Problem to solve – The entries are to be printed again word for word, but no picture may appear.

'''

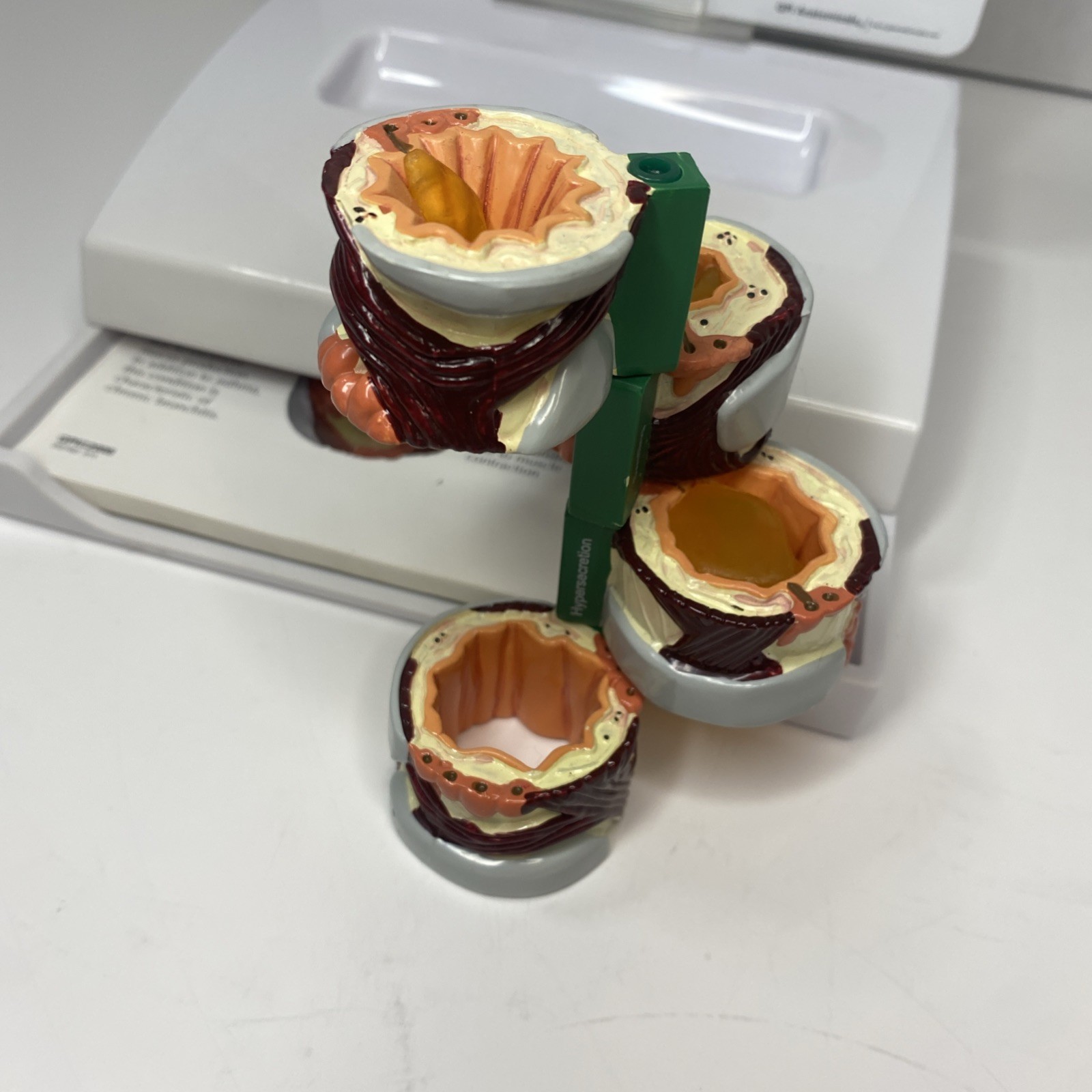 AstraZeneca Bronchus Airway Medical Anatomical Model Doctor Office Display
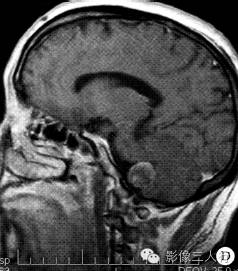 【病例】左椎动脉颅内段动脉瘤1例MR影像表现 【病例】左椎动脉颅内段动脉瘤1例MR影像表现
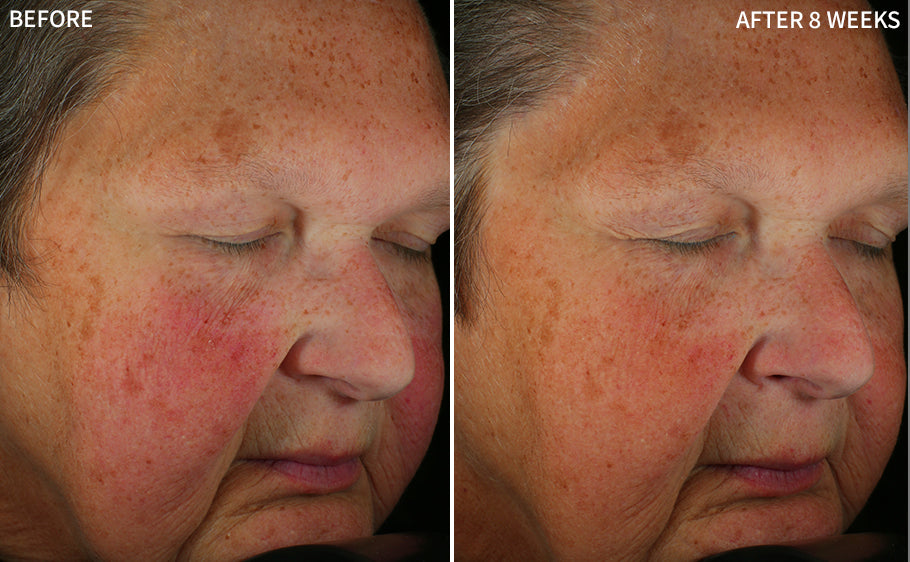 the rotated image of before and after comparison of a woman's face showing redness before and a clearer face using the RescueMD serum for 8 weeks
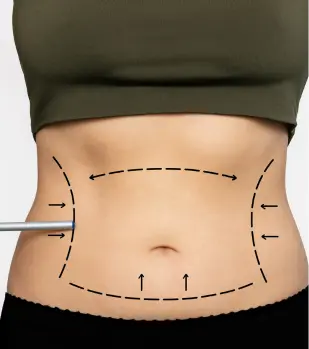 abdominal plastic surgery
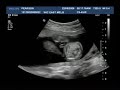 19 week ultrasound scan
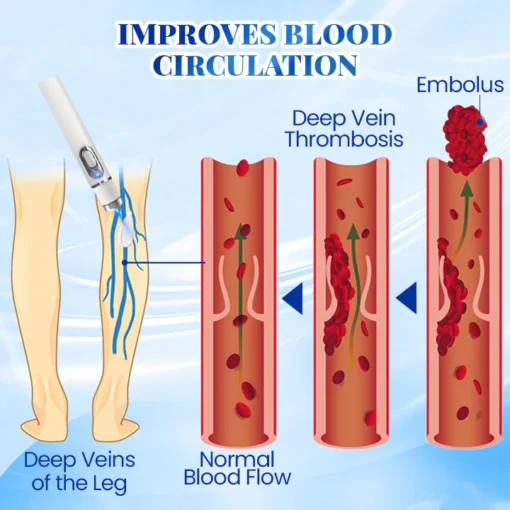 Biancat™ Blue Light Therapy Set for Varicose Veins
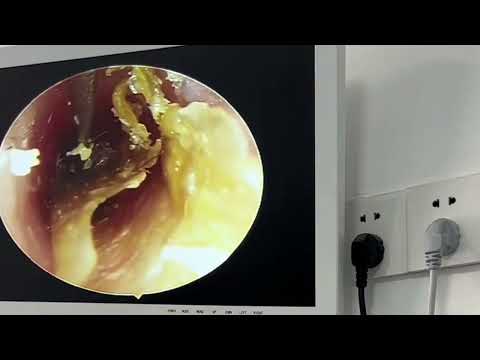 Ear Wax Removing, Earwax Removal, Ear cleaning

'''

Solution to this task –
 AstraZeneca Bronchus Airway Medical Anatomical Model Doctor Office Display
 【病例】左椎动脉颅内段动脉瘤1例MR影像表现 【病例】左椎动脉颅内段动脉瘤1例MR影像表现
 the rotated image of before and after comparison of a woman's face showing redness before and a clearer face using the RescueMD serum for 8 weeks
 abdominal plastic surgery
 19 week ultrasound scan
 Biancat™ Blue Light Therapy Set for Varicose Veins
 Ear Wax Removing, Earwax Removal, Ear cleaning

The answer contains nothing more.